Understanding the Concept:
Whenever an integral contains a rational expression involving trigonometric functions, it is often helpful to rewrite the numerator in terms of the denominator. This simplifies the expression considerably and makes integration straightforward.
We are given:
\[
I=\int_{0}^{\frac{\pi}{2}} \frac{3\sin x+4\cos x}{\sin x+\cos x}\,dx
\]
Our goal is to simplify the integrand before integrating.

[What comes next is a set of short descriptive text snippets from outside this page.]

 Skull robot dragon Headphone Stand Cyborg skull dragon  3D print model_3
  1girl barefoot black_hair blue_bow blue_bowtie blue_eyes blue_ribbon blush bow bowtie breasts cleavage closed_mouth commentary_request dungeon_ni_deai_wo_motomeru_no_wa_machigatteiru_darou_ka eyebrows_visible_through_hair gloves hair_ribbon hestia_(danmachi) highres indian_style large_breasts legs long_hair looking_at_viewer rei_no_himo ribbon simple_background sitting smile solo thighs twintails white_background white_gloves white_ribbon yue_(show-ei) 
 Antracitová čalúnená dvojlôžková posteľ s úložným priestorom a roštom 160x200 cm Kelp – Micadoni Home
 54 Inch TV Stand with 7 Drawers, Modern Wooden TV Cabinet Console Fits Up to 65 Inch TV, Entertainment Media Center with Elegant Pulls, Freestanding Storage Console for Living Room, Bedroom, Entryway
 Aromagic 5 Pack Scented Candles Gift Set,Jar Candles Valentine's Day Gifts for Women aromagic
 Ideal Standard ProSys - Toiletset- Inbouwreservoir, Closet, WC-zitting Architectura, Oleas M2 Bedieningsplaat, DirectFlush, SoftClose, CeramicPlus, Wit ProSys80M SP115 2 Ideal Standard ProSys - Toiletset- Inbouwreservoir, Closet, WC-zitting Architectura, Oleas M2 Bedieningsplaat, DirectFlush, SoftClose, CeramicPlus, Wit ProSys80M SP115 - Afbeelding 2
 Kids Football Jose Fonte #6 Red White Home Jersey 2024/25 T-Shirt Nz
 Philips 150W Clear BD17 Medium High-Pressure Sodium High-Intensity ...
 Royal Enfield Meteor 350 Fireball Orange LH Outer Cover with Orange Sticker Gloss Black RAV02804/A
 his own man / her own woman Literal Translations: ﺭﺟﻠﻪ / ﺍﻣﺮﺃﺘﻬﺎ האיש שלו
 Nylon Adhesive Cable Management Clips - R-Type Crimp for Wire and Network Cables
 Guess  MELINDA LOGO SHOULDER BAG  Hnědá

Step 1: Express the numerator suitably.
Observe that:
\[
3\sin x+4\cos x
\]
can be rewritten as:
\[
\frac72(\sin x+\cos x)+\frac12(\cos x-\sin x)
\]
Let us verify:
\[
\frac72\sin x+\frac72\cos x+\frac12\cos x-\frac12\sin x
\]
\[
=\left(\frac72-\frac12\right)\sin x+\left(\frac72+\frac12\right)\cos x
\]
\[
=3\sin x+4\cos x
\]
Hence,
\[
I=\int_{0}^{\frac{\pi}{2}}
\frac{
\frac72(\sin x+\cos x)+\frac12(\cos x-\sin x)
}{
\sin x+\cos x
}\,dx
\]
Splitting the fraction,
\[
I=\int_{0}^{\frac{\pi}{2}}
\left[
\frac72+\frac12\cdot
\frac{\cos x-\sin x}{\sin x+\cos x}
\right]dx
\]
Step 2: Separate the integral.
\[
I=
\frac72\int_{0}^{\frac{\pi}{2}}dx
+
\frac12
\int_{0}^{\frac{\pi}{2}}
\frac{\cos x-\sin x}{\sin x+\cos x}\,dx
\]
Step 3: Evaluate the first integral.
\[
\frac72\int_{0}^{\frac{\pi}{2}}dx
=
\frac72\left[\frac{\pi}{2}\right]
\]
\[
=\frac{7\pi}{4}
\]
Step 4: Evaluate the second integral.
Notice that:
\[
\frac{d}{dx}(\sin x+\cos x)=\cos x-\sin x
\]
Thus,
\[
\int
\frac{\cos x-\sin x}{\sin x+\cos x}\,dx
=
\ln|\sin x+\cos x|
\]
Therefore,
\[
\frac12
\left[
\ln|\sin x+\cos x|
\right]_{0}^{\frac{\pi}{2}}
\]
Substituting limits:
At \(x=\frac{\pi}{2}\),
\[
\sin\frac{\pi}{2}+\cos\frac{\pi}{2}=1+0=1
\]
At \(x=0\),
\[
\sin0+\cos0=0+1=1
\]
Hence,
\[
\ln1-\ln1=0
\]
So the second integral contributes:
\[
0
\]
Step 5: Final answer.
Thus,
\[
I=\frac{7\pi}{4}
\]
Hence,
\[
\boxed{\frac{7\pi}{4}}
\]